EXERCISE REQUIREMENTS: Your answer must be an exact copy of the records below, minus the pictures.

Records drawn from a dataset
# # #

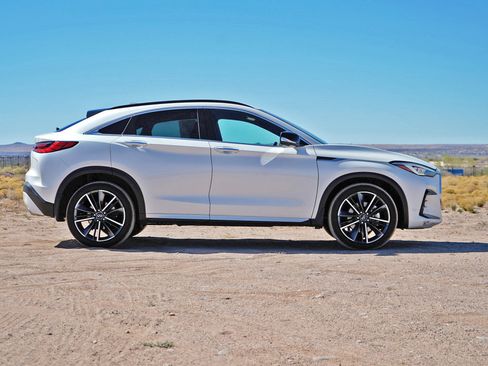 Used 2023 INFINITI QX55 Essential image 11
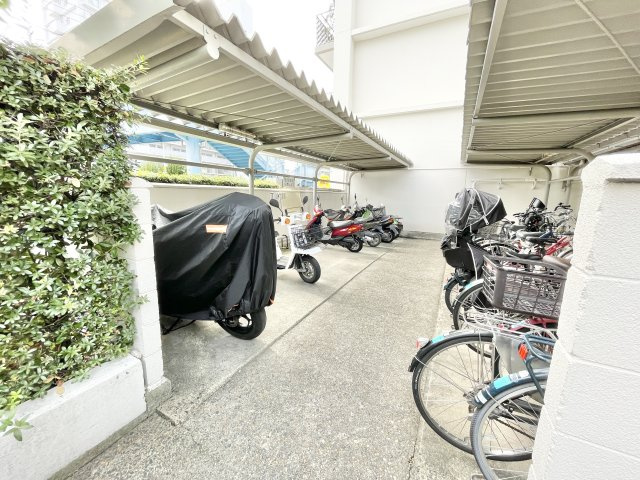 寝屋川東ファミリータウン北１番館の駐輪場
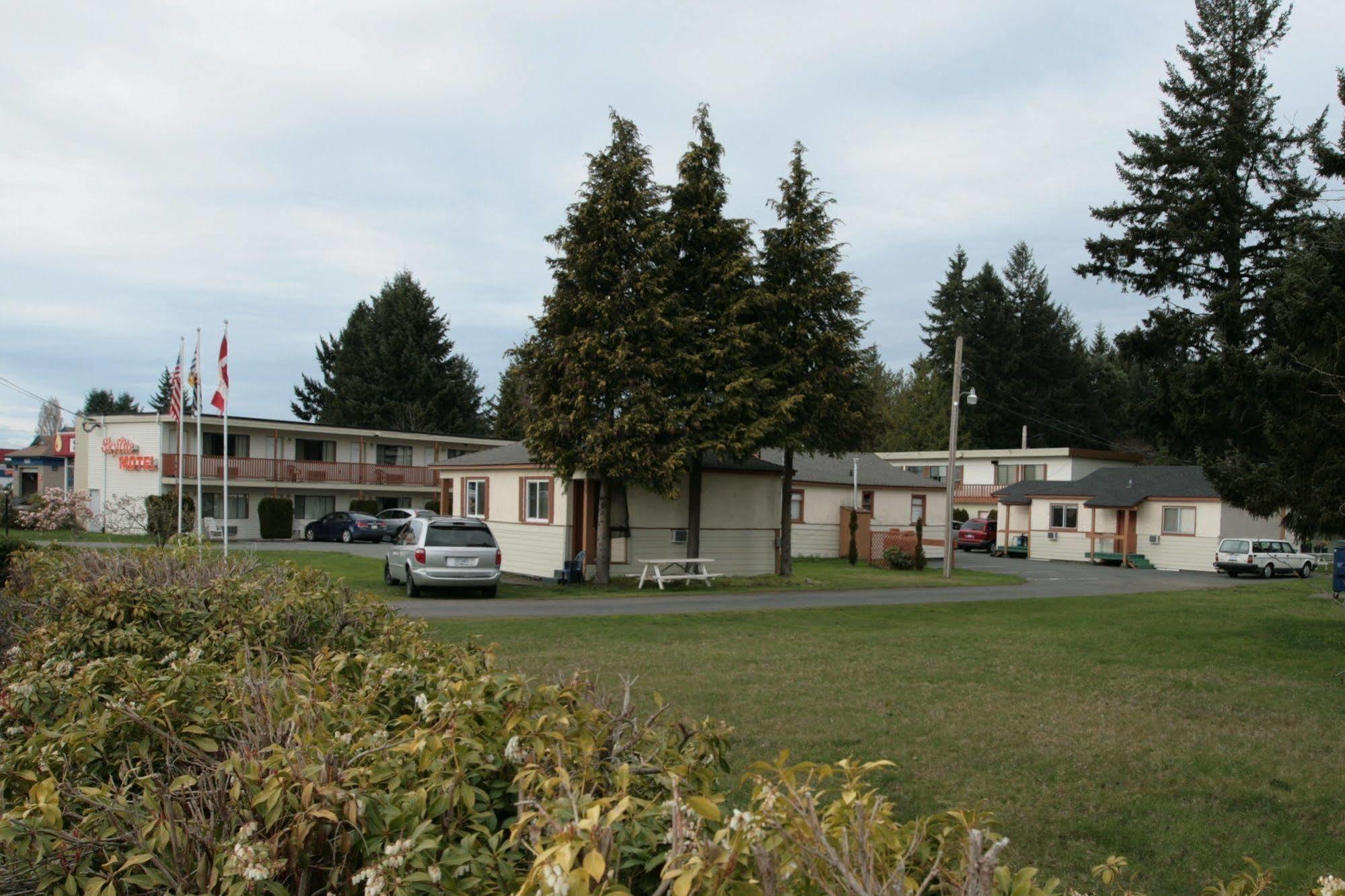 Skylite Motel 2*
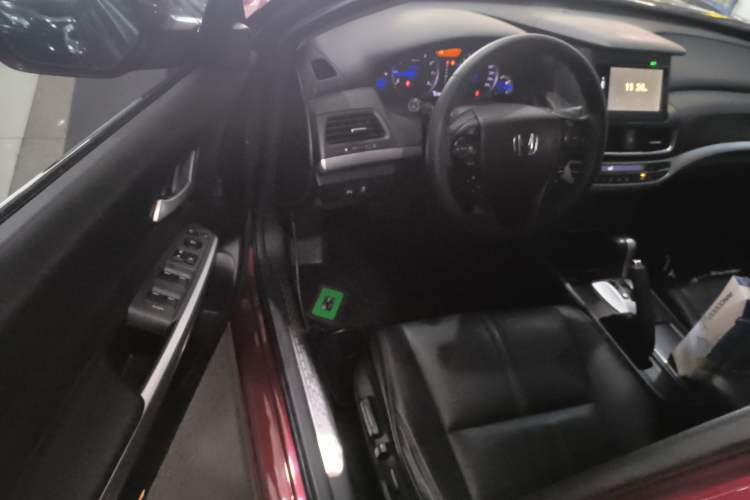 Used Honda Crosstour 2014 2.4L Luxury Edition
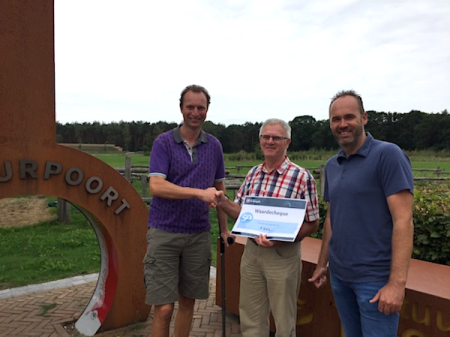 Overhandiging cheque aan PMB Eersel door TerSpegelt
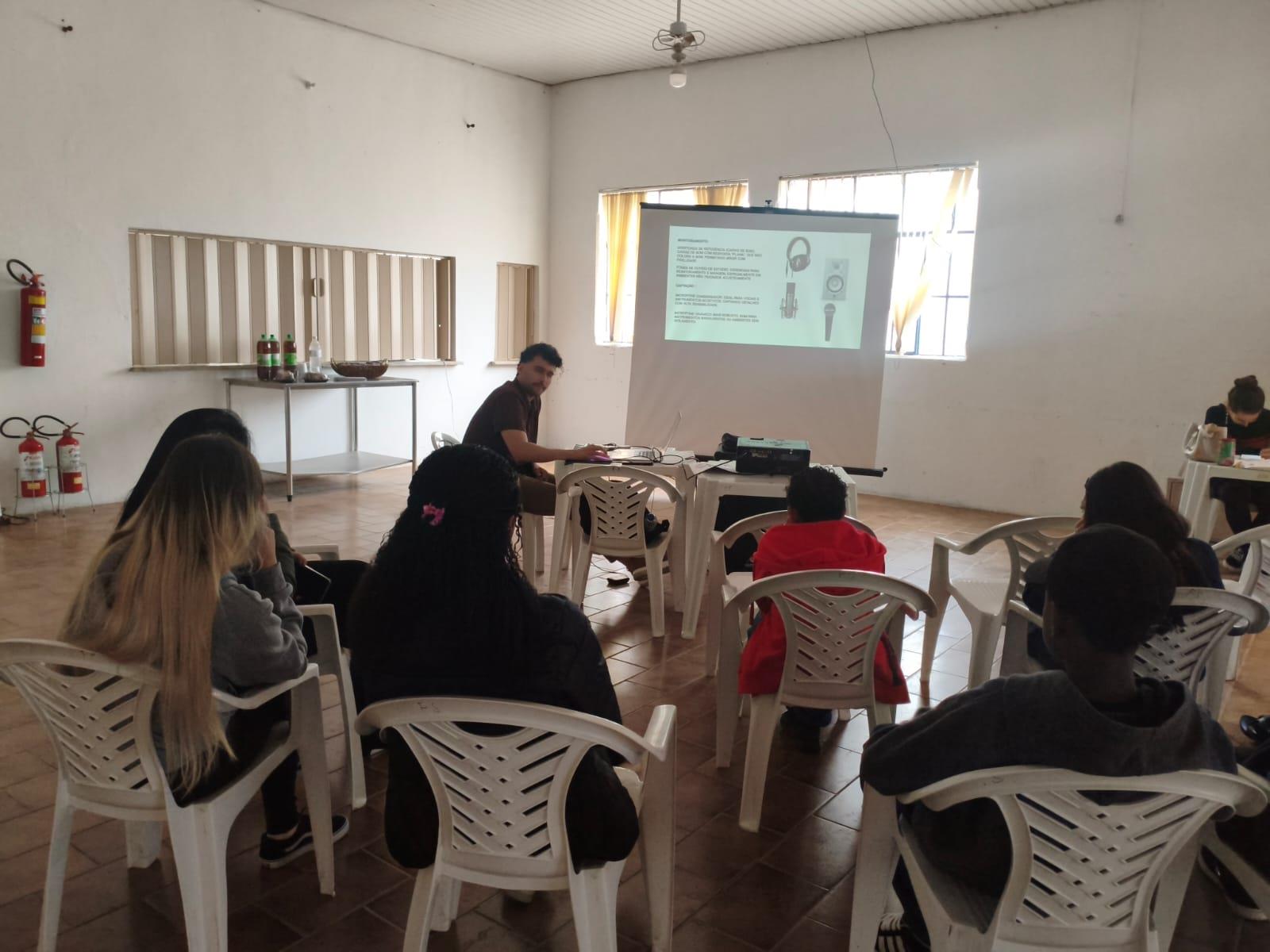 Crianças do Espaço Amigo participam de oficina pelo Pontos MIS (3)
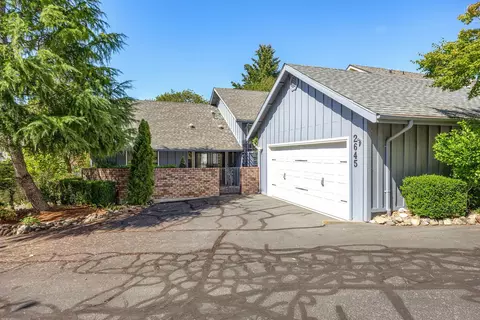 2645 Congress Way, Medford, OR 97504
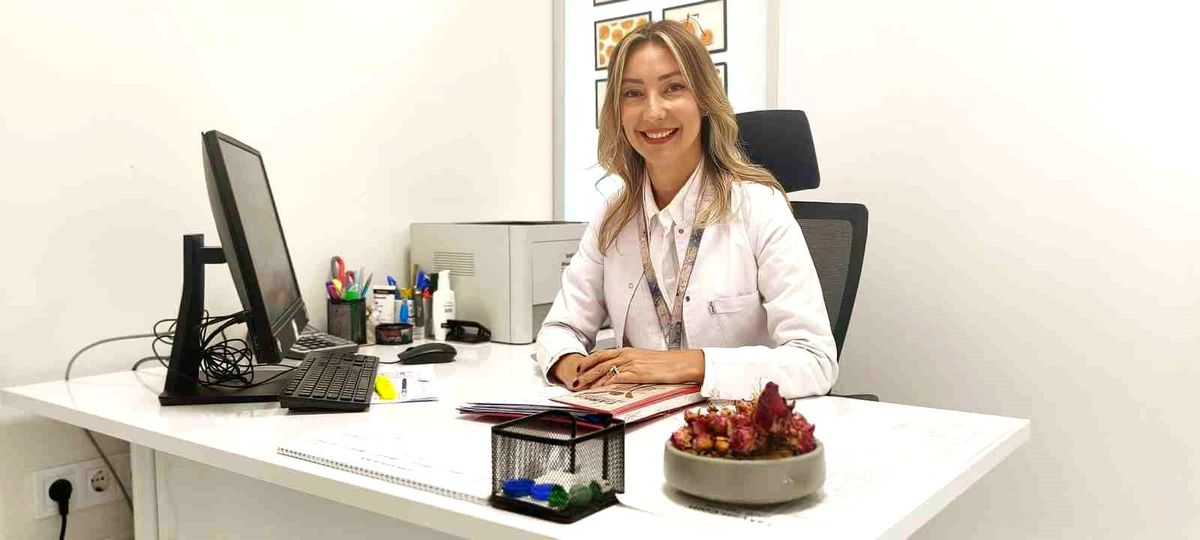 Diyetisyen Tuğçe Ünal yaz aylarında sağlıklı beslenme ve su tüketimi hakkında açıklama yapıyor.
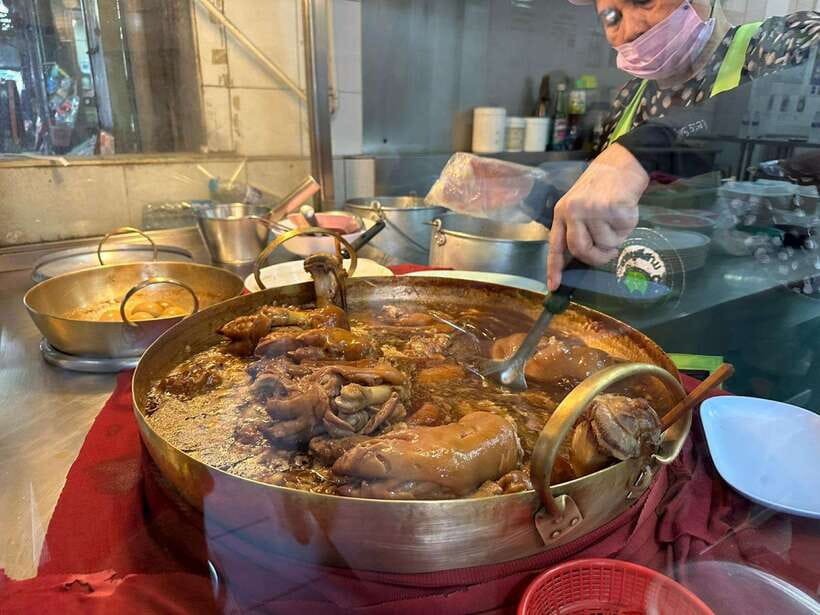 Bangkok Authentic Tasting Thai-Chinatown Walking Food Tour - The guides make the difference
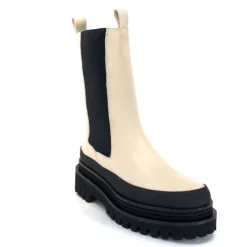 Carmen Cuir Ivory*Paloma Barcelo Hot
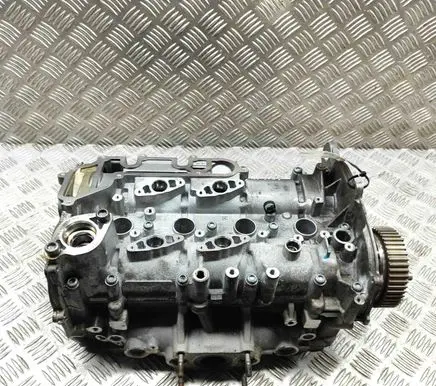 Engine head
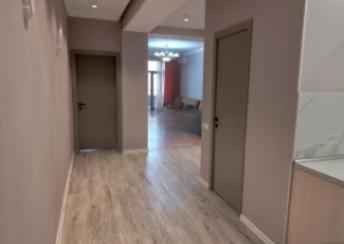  Bakı şəhərində 135m² mənzil kirayə verilir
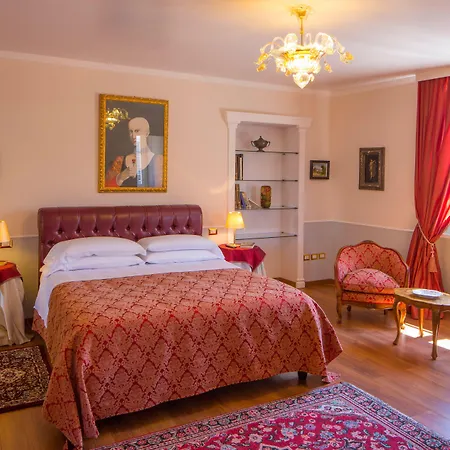 Palazzo Rotati 3* Фано
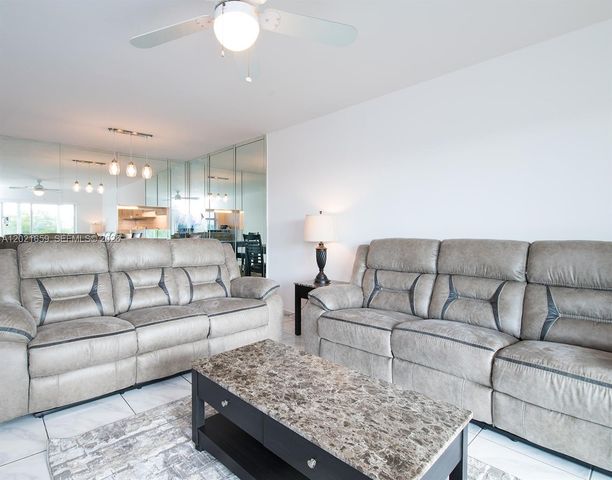 4650 Washington St 502, Hollywood, FL 33021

# # #

ANSWER TO THE PROBLEM:
 Used 2023 INFINITI QX55 Essential image 11
 寝屋川東ファミリータウン北１番館の駐輪場
 Skylite Motel 2*
 Used Honda Crosstour 2014 2.4L Luxury Edition
 Overhandiging cheque aan PMB Eersel door TerSpegelt
 Crianças do Espaço Amigo participam de oficina pelo Pontos MIS (3)
 2645 Congress Way, Medford, OR 97504
 Diyetisyen Tuğçe Ünal yaz aylarında sağlıklı beslenme ve su tüketimi hakkında açıklama yapıyor.
 Bangkok Authentic Tasting Thai-Chinatown Walking Food Tour - The guides make the difference
 Carmen Cuir Ivory*Paloma Barcelo Hot
 Engine head
  Bakı şəhərində 135m² mənzil kirayə verilir
 Palazzo Rotati 3* Фано
 4650 Washington St 502, Hollywood, FL 33021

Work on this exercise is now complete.